(Material provided)

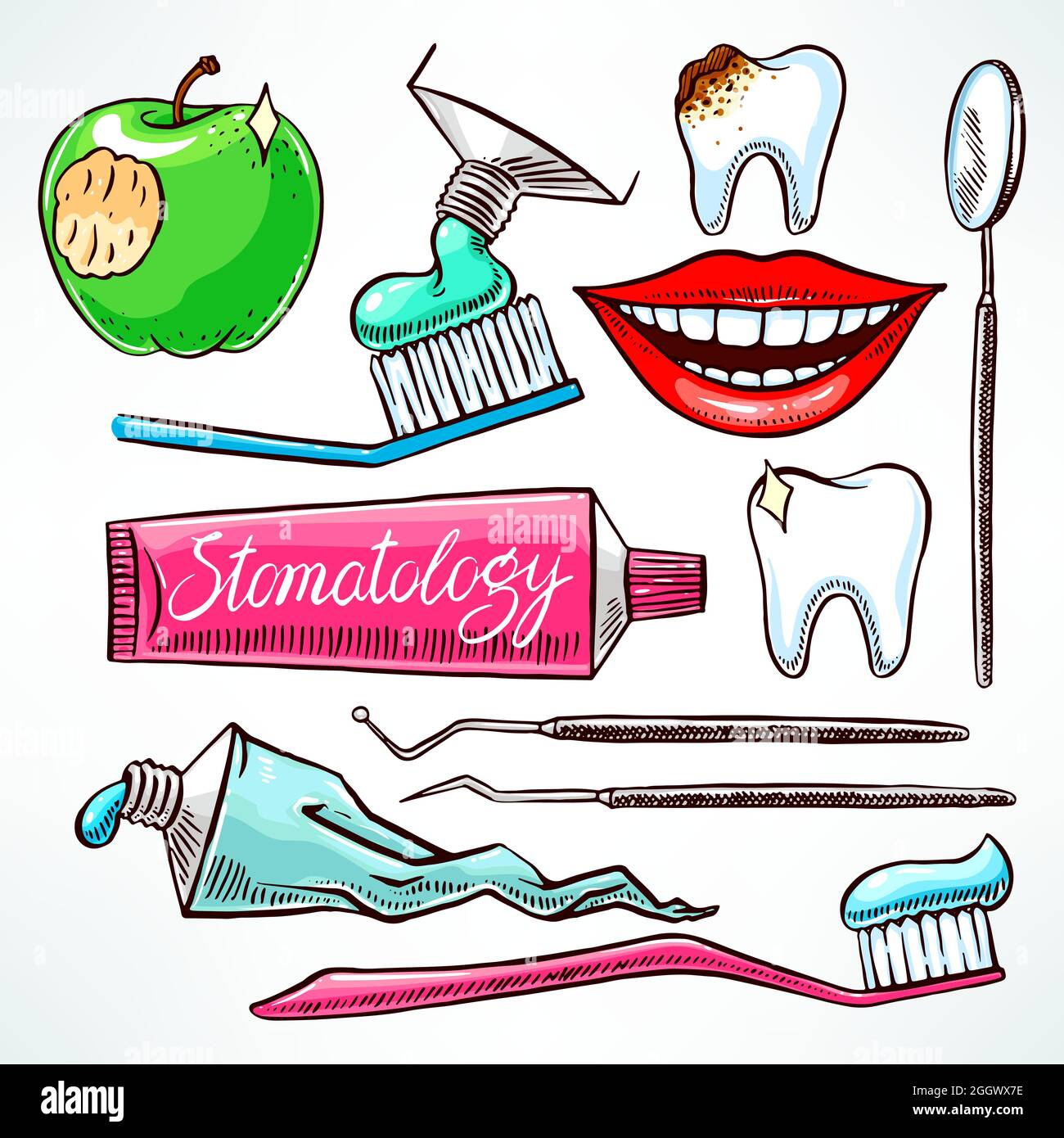 Dentistry. Set with dental tools. handdrawn illustration Stock Vector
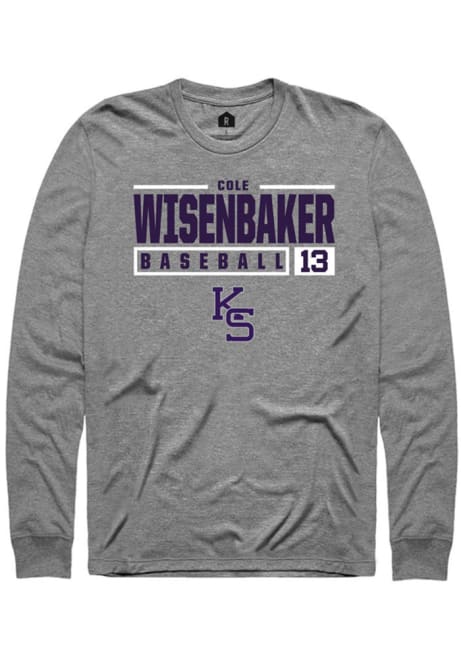 Cole Wisenbaker Rally Mens Graphite K-State Wildcats NIL Stacked Box Tee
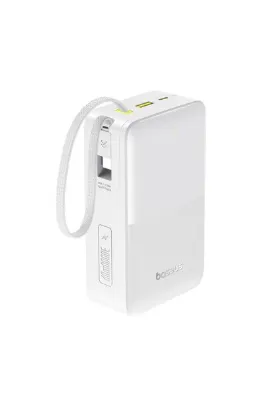 Baseus EnerFill Bipow2 Pro 30000 mAh Power Bank, Dahili USB-C Kablosu, 22.5W Hızlı Şarj, LED Ekran, Beyaz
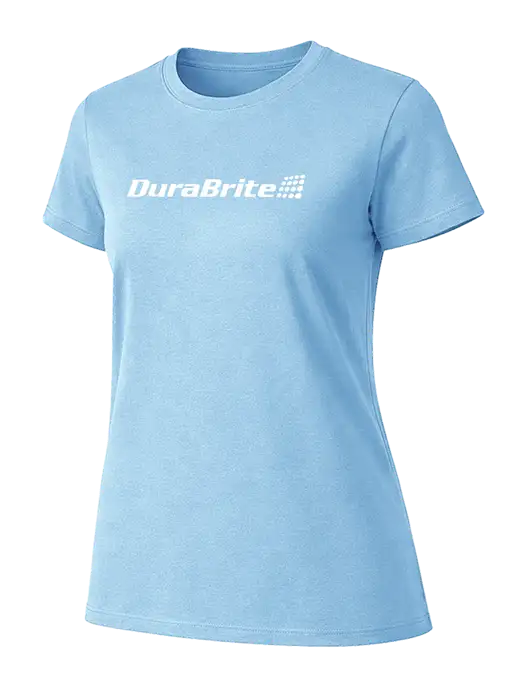 Womens Ring Spun Light Blue 4.5 oz T-Shirt w/DuraBrite Logo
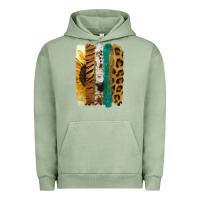 Pigment Oil Green Leopard Sunflower Brush Strokes Urban Hoodie - Jasminsmagicworld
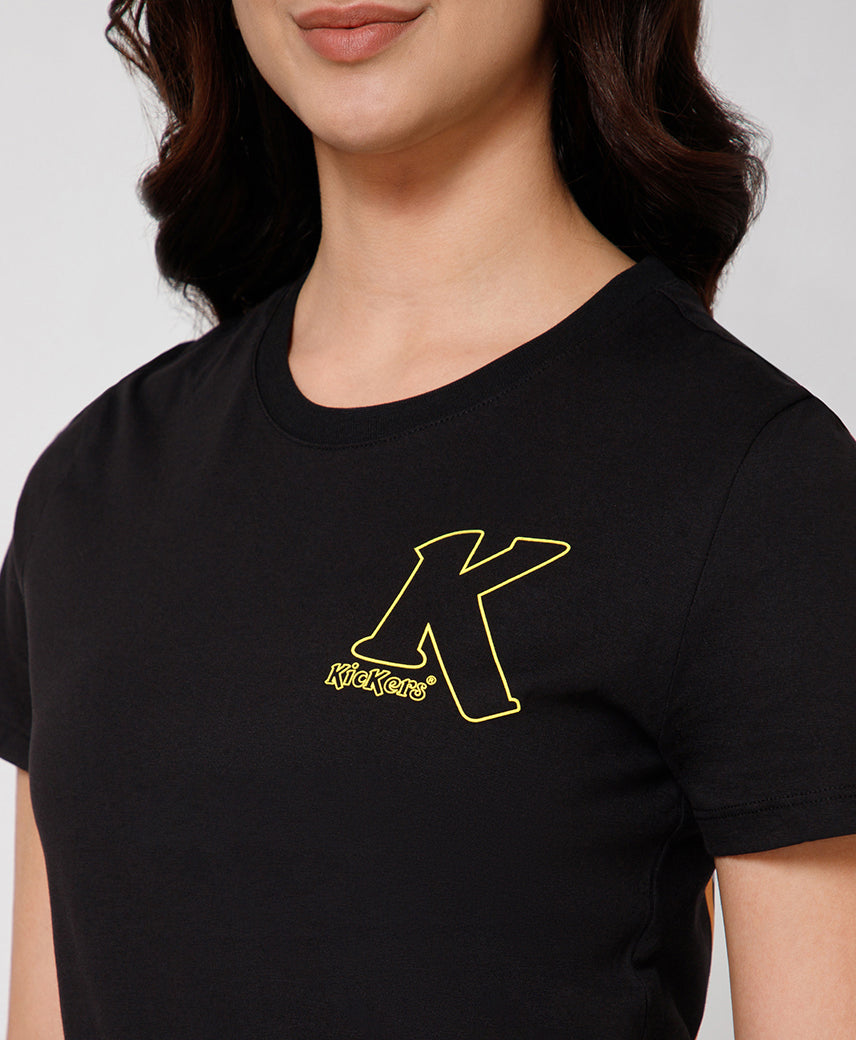Kickers Women Black T-Shirts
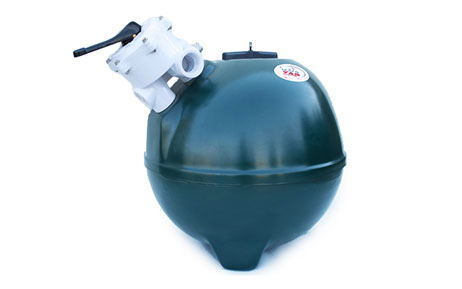 UltraZap 1-bag fibreglass sand filter, a large green spherical tank shown with the multi-port valve head installed.
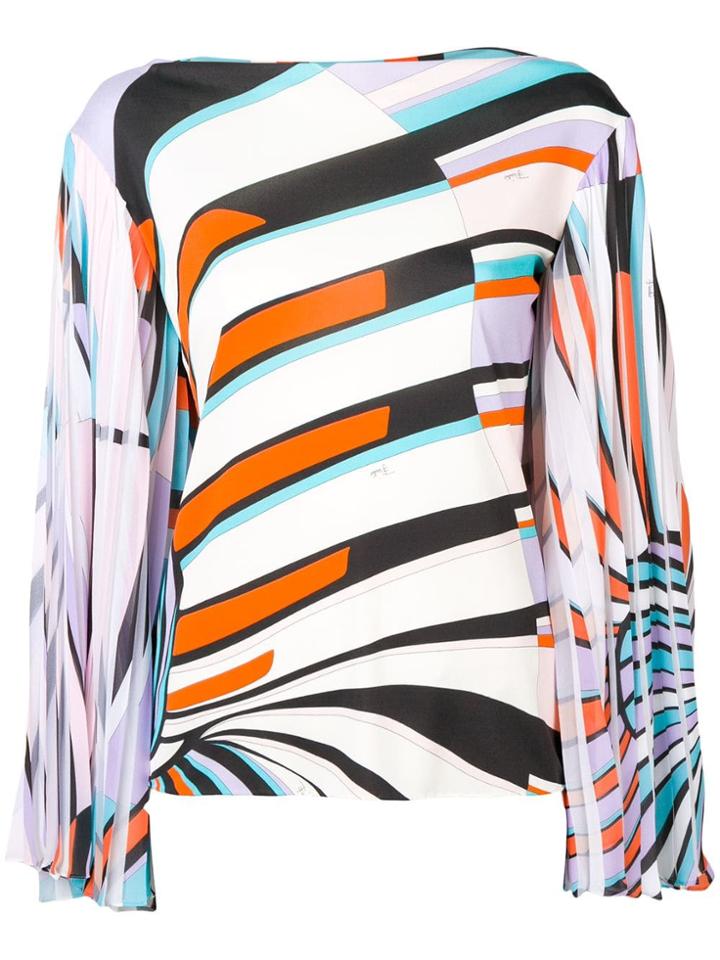 Emilio Pucci Shell Print Pleated Sleeve Marilyn Top - Purple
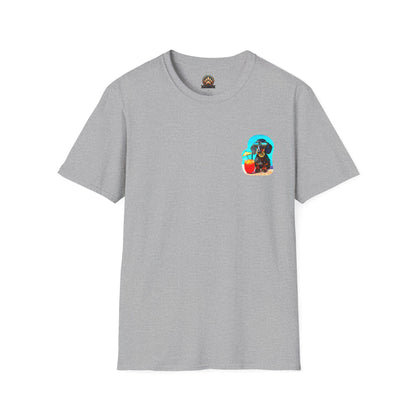 Bitcoin Dachshund Chillin Poolside T-Shirt - Pocket & Large Back Print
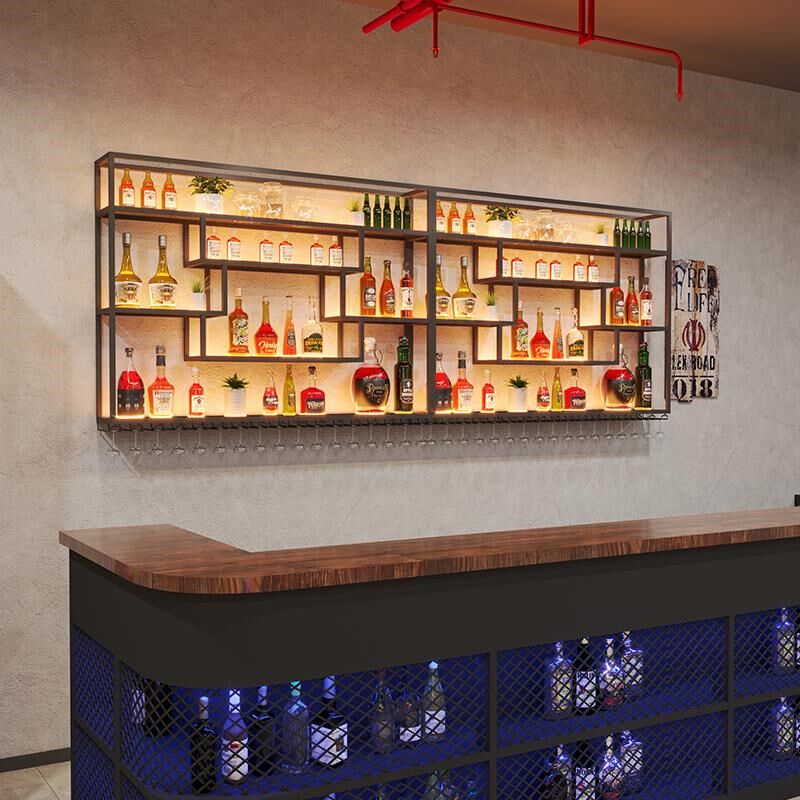 酒架置物架壁挂红l酒展示柜酒吧吧台酒柜墙上挂杯餐厅饭店铁艺定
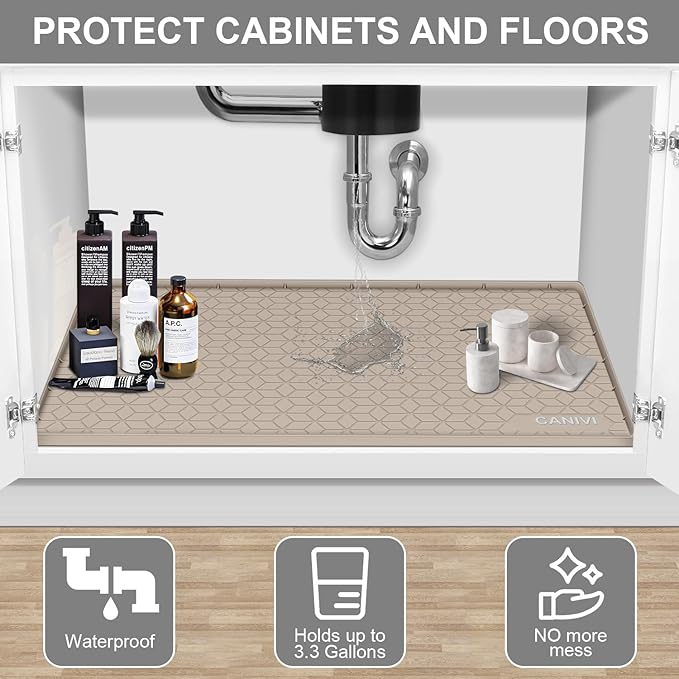 Under Sink Mat, Kitchen Cabinet Shelf Protector, Fits 36 inch Standard Cabinet - Image 4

(End Material provided)

What you give back should be exactly the lines from the top of the data above down to and including the line with "Womens Ring Spun", minus any pictures.

*Result*:
 Dentistry. Set with dental tools. handdrawn illustration Stock Vector
 Cole Wisenbaker Rally Mens Graphite K-State Wildcats NIL Stacked Box Tee
 Baseus EnerFill Bipow2 Pro 30000 mAh Power Bank, Dahili USB-C Kablosu, 22.5W Hızlı Şarj, LED Ekran, Beyaz
 Womens Ring Spun Light Blue 4.5 oz T-Shirt w/DuraBrite Logo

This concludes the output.